I only have one fastq per sample. I'm trying to do the re-orientation step using silva sequences (many thanks for the suggestion!). I've used this:

qiime rescript orient-seqs --i-sequences single-end-marcellus2014.qza --i-reference-sequences /Volumes/KINGSTON/silva-138-99-seqs.qza --o-oriented-seqs oriented-query-sequences.qza --o-unmatched-seqs unmatched-sequences.qza

And, I get this error:

(1/1) Invalid value for '--i-sequences': Expected an artifact of at least

type FeatureData[Sequence]. An artifact of type

SampleData[SequencesWithQuality] was provided.

Clearly my sequences are not in the correct format for rescript . So I figure I could export them using:

qiime tools export --input-path single-end-marcellus2014.qza --output-path single-end-marcellusFD.qza --output-format 'FeatureData[Sequence]'

But I get this error:
(qiime2-2021.4) MacBook-Air-de-Natali:MarcellusCluff2014 natali$ qiime tools export --input-path single-end-marcellus2014.qza --output-path single-end-marcellusFD.qza --output-format 'FeatureData[Sequence]'
Traceback (most recent call last):
File "/opt/miniconda3/envs/qiime2-2021.4/lib/python3.8/site-packages/qiime2/sdk/util.py", line 90, in parse_format
format_record = pm.formats[format_str]
KeyError: 'FeatureData[Sequence]'

During handling of the above exception, another exception occurred:

Traceback (most recent call last):
File "/opt/miniconda3/envs/qiime2-2021.4/bin/qiime", line 11, in
sys.exit(qiime())
File "/opt/miniconda3/envs/qiime2-2021.4/lib/python3.8/site-packages/click/core.py", line 829, in call
return self.main(*args, **kwargs)
File "/opt/miniconda3/envs/qiime2-2021.4/lib/python3.8/site-packages/click/core.py", line 782, in main
rv = self.invoke(ctx)
File "/opt/miniconda3/envs/qiime2-2021.4/lib/python3.8/site-packages/click/core.py", line 1259, in invoke
return _process_result(sub_ctx.command.invoke(sub_ctx))
File "/opt/miniconda3/envs/qiime2-2021.4/lib/python3.8/site-packages/click/core.py", line 1259, in invoke
return _process_result(sub_ctx.command.invoke(sub_ctx))
File "/opt/miniconda3/envs/qiime2-2021.4/lib/python3.8/site-packages/click/core.py", line 1066, in invoke
return ctx.invoke(self.callback, **ctx.params)
File "/opt/miniconda3/envs/qiime2-2021.4/lib/python3.8/site-packages/click/core.py", line 610, in invoke
return callback(*args, **kwargs)
File "/opt/miniconda3/envs/qiime2-2021.4/lib/python3.8/site-packages/q2cli/builtin/tools.py", line 63, in export_data
source = result.view(qiime2.sdk.parse_format(output_format))
File "/opt/miniconda3/envs/qiime2-2021.4/lib/python3.8/site-packages/qiime2/sdk/util.py", line 92, in parse_format
raise TypeError("No format: %s" % format_str)
TypeError: No format: FeatureData[Sequence]

What should be the way to convert a type SampleData[SequencesWithQuality] artifact to
FeatureData[Sequence] artifact?

Many thanks for the help!
Natali

llenzi · July 27, 2021, 2:41pm

Hi @Natali_Hernandez,

maybe you should do nothing ... at this stage!
What about denoise what you got and reorient the obtained ASVs before the taxonomy identification, I think the ASVs artifact should be ok for that plug in.

Luca

lizgehret · August 2, 2021, 5:44pm

Hi @Natali_Hernandez,

Just wanted to check in on this! Did @llenzi's latest suggestion work out for you, or are you still stuck?

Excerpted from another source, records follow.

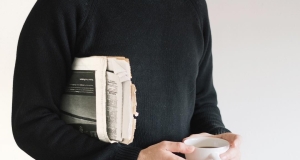 生活若剥去了理想、梦想、幻想，那生命便只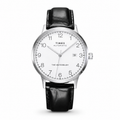 Relógio TIMEX Waterbury automático branco em fundo branco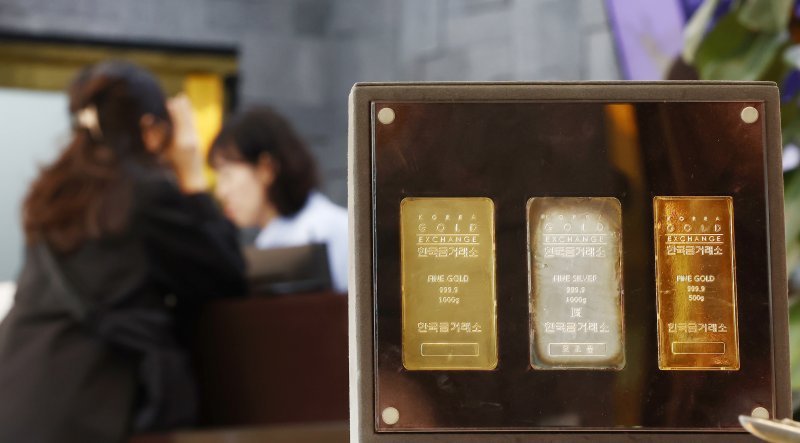 사상 최고가를 경신하며 고공행진을 이어가던 국제 금값이 21일(현지시간) 하루만에 6% 넘게 급락했다. 로이터에 따르면 금 현물 가격은 이날 온스당 4115.26달러로 전장 보다 5.5% 하락했다. 장중 한때는 6.3% 내린 4082.03달러까지 떨어졌다. 이는 2013년 이후 일간 기준 최대 하락률이다. 사진은 22일 오후 서울 종로구 한국금거래소에 진열된 골드바. 2025.10.22/뉴스1 ⓒ News1 김민지 기자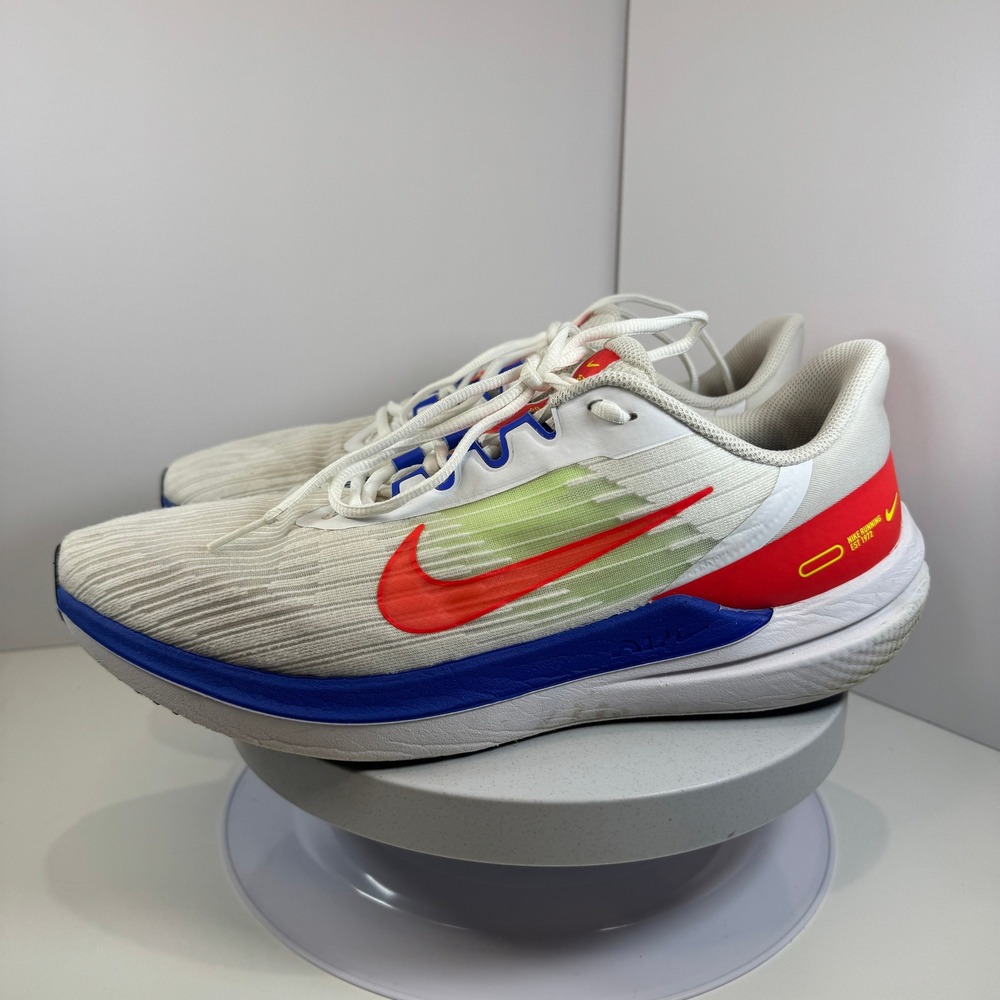 Nike Winflo 10 Men's Running Shoes White Red Blue‎ Lightweight Size 11.5 - Picture 5 of 11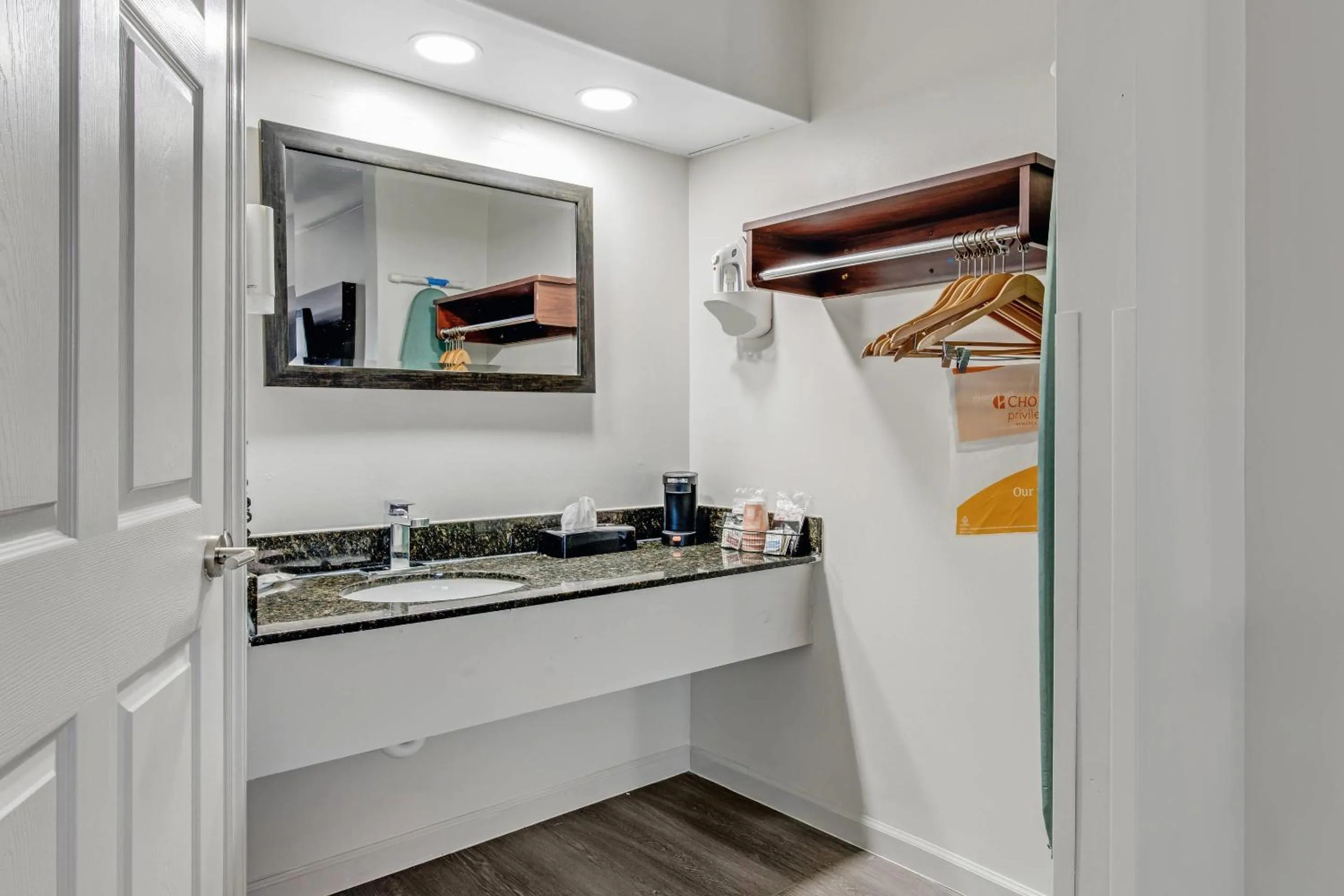 Bedroom in Quality Inn Laurinburg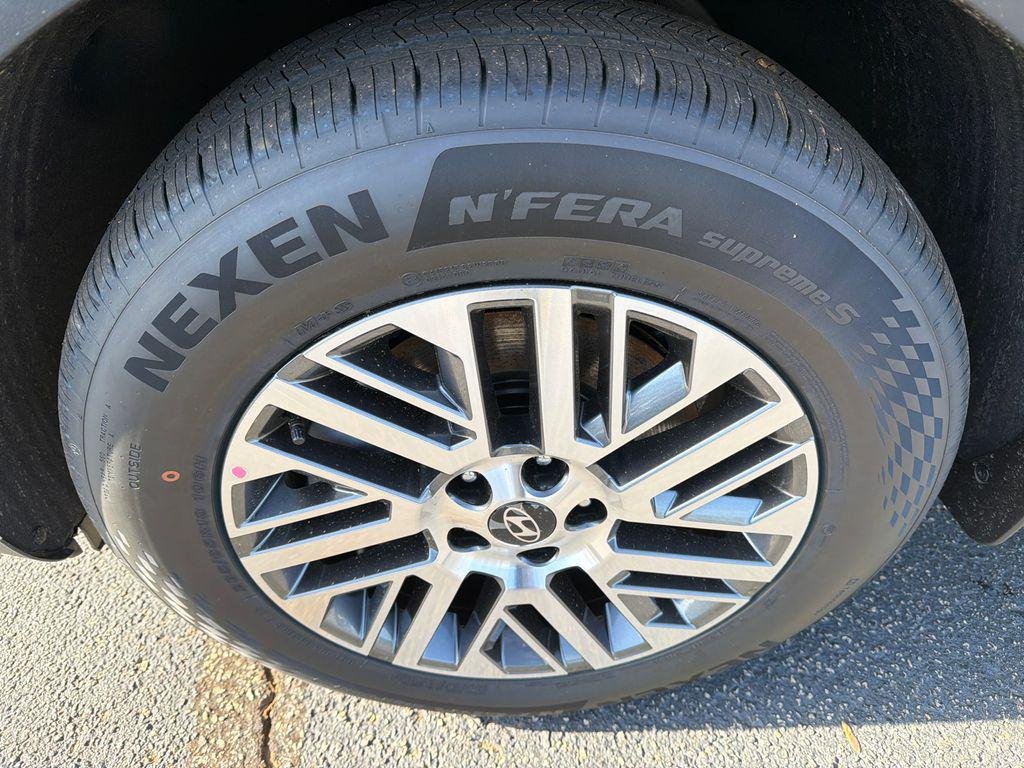 New 2026 Black Hyundai SEL FWD image 11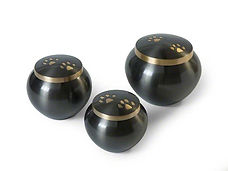 PETRIBUTES_Paw-Print-Urns_Range.jpg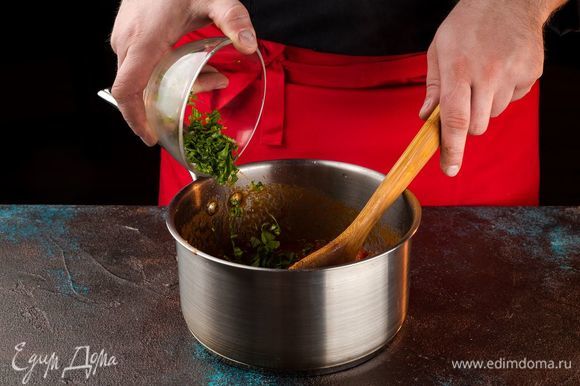 Выложите в сотейник с овощами томаты в собственном соку и нарезанный базилик. Тушите 5-7 минут.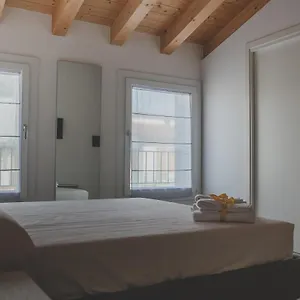 Bed and breakfast Terra Ferma Rooms&more
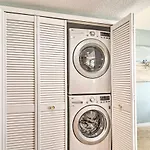 Coastal Condo With Pool, Walk To Clearwater Beach!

Natali_Hernandez · August 4, 2021, 10:55am

Hi @llenzi and @lizgehret!

As suggested, I truncate the reads with denoise-pyro. The dada2 stats looked fine, then reoriented the ASVs. So, I think it's is all resolved.

Many thanks for the help!

system · September 4, 2021, 4:55pm

This topic was automatically closed 31 days after the last reply. New replies are no longer allowed.